ACTION ITEM: Without including the images, transcribe each record precisely as it appears below.

RECORDS TO USE:
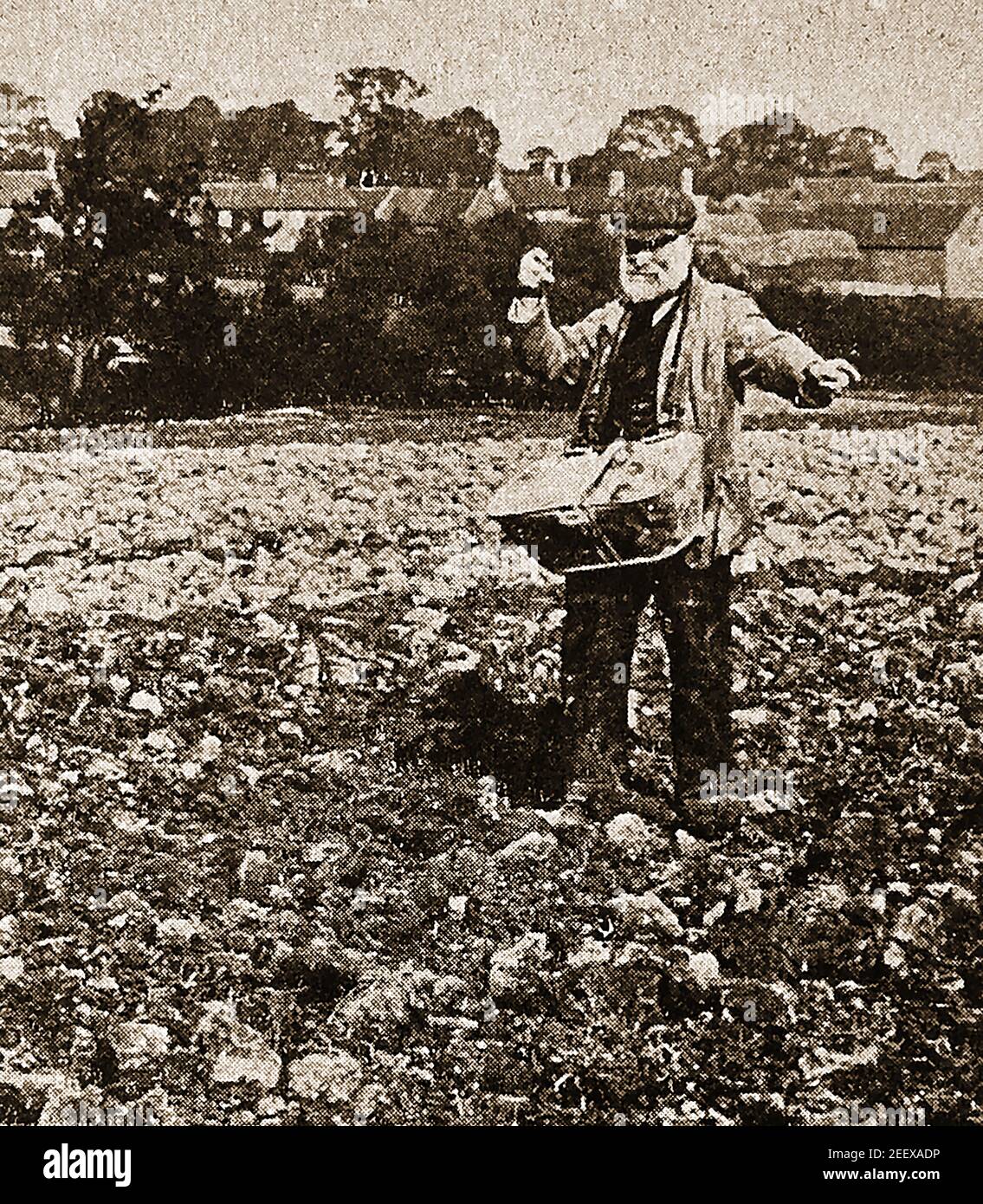 An old press photograph showing a farmer broadcasting seeds by hand circa 1930's Stock Photo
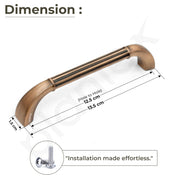 Plantex Cabinet Handle/128mm Handle for Wardrobe/Kitchen Handle/Pull-Push Handle for Home/Office - Pack of 2 (Brass Antique Copper)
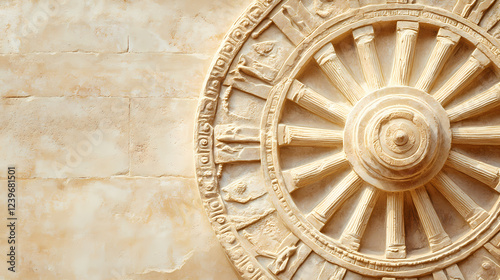 A close-up of a greek chariot wheel, showing the fine craftsmanship and detailed engravings, isolated on a pastel beige background,. Ancient Ruins. Illustration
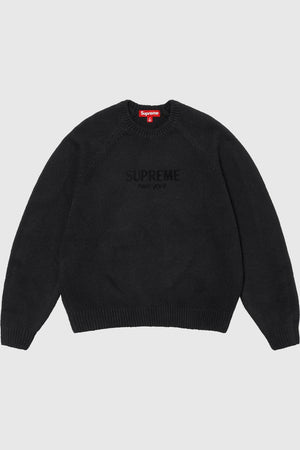 Supreme Flocked Logo Sweater Black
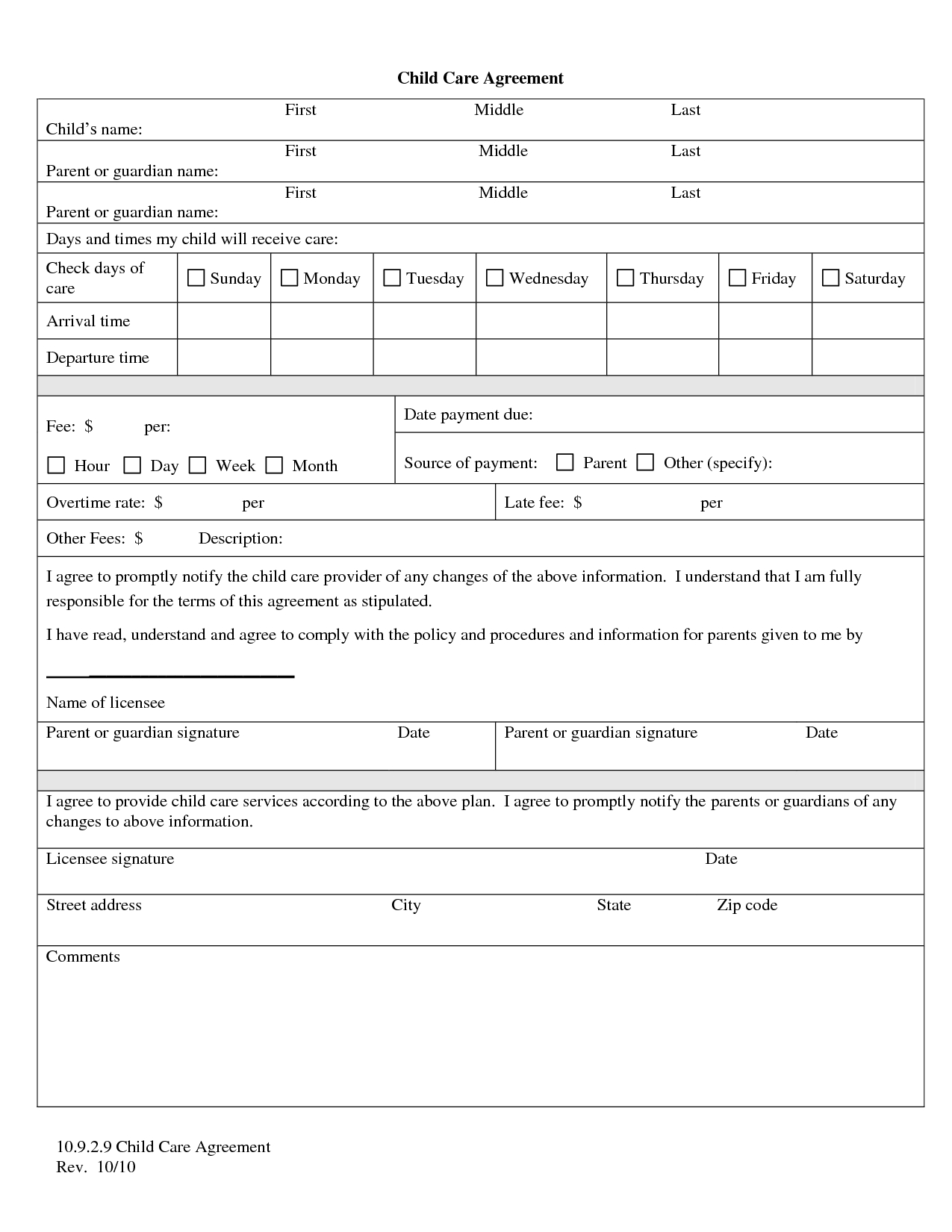 Free Daycare Printable Forms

EXERCISE RESPONSE:
 An old press photograph showing a farmer broadcasting seeds by hand circa 1930's Stock Photo
 Plantex Cabinet Handle/128mm Handle for Wardrobe/Kitchen Handle/Pull-Push Handle for Home/Office - Pack of 2 (Brass Antique Copper)
 A close-up of a greek chariot wheel, showing the fine craftsmanship and detailed engravings, isolated on a pastel beige background,. Ancient Ruins. Illustration
 Supreme Flocked Logo Sweater Black
 Free Daycare Printable Forms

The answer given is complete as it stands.